Perhaps then those with the largest numbers of patents, can win in other ways as well?

Do you have the right background to win at small business?

A source of regular marital disharmony at my house is how issues at work should be solved. The end point of these conversations is generally one of us not speaking to the other for 10 minutes. My wife has spent almost her entire career working for large enterprises. I however have spent the majority of mine working in small businesses. So it appears to me that the skills and behaviours required for success in big v’s small environments, are completely different.

Consider this:

For big business, Strategy means “what will next years business look like?”, for small business it means “how do I survive next month?”

Market Research at the big end of town means crafting the right questions when you prepare a brief for consultants, but in small business it means having a relationship with your customers.

Sales for big business is about recruiting the right channel partners or designing your retail footprint, in small business is about closing the deal.

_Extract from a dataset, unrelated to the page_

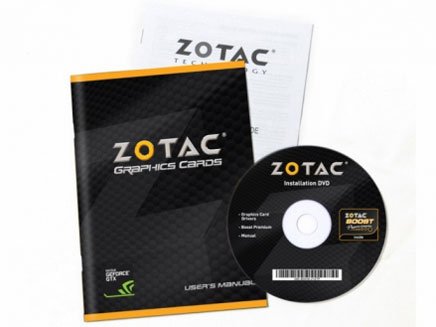 ZOTAC GeForce GTX 660 ZT-60901-10M [PCIExp 2GB]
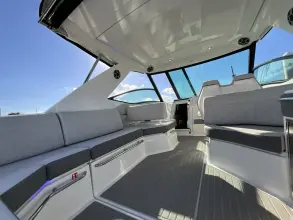 Thumbnail von Sea Ray 320 Sundancer Außenborder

When it comes to accounting, for big business the issue is around selection and application of accounting policies, in small business the major focus is on getting your bookkeeping processes right.

When it come to financial reporting, the focus for big business is preparing financial reports for an external audience of analysts and shareholders , but in small business the financial reports are mostly prepared for an internal audience of management.

Good financial management at the big end of town means optimising your risk / return with your investing and financing decisions. In small business it has an almost purely operational focus, such as managing your day to day cashflow.

Valuation of assets or business units is based in comparative market data for the big end of town, but for small business its about discounted cash flows and value being in the eye of the beholder.

Supply chain management means investing in relationships for big business, but for small business it means getting the best from each transaction.

IT control means policies and methodologies such as ITIL for large enterprises. For small business it means managing your licences and anti-virus.

With HR, the situation is even different at a legislative level. For big business its about workplace rights and legislation. For small business the focus is about getting good people and keeping them.

And finally, when you talk about change, its a project for big business, where as for small business its part of the fabric of every day.

I’m starting to think that the word “business” is so generic that its meaningless. Perhaps Universities should run Commerce degrees streamed for small or large businesses, because the skills required for success are almost diametrically opposed. It seems to me is that the fundamental difference is that to be successful at the big end of town, you need to specialise, but at the small end of town you will die if you aren’t a bit of a generalist.

For me the “proofs in the pudding” evidence is that I have noticed that whose who are successful at the big end of town almost always fail when they invest their payout into a small business, and small businessmen just can’t seem to grasp the necessary behaviours to be successful when they sell their organisation into a big business.

Of course, we disagree about this as well.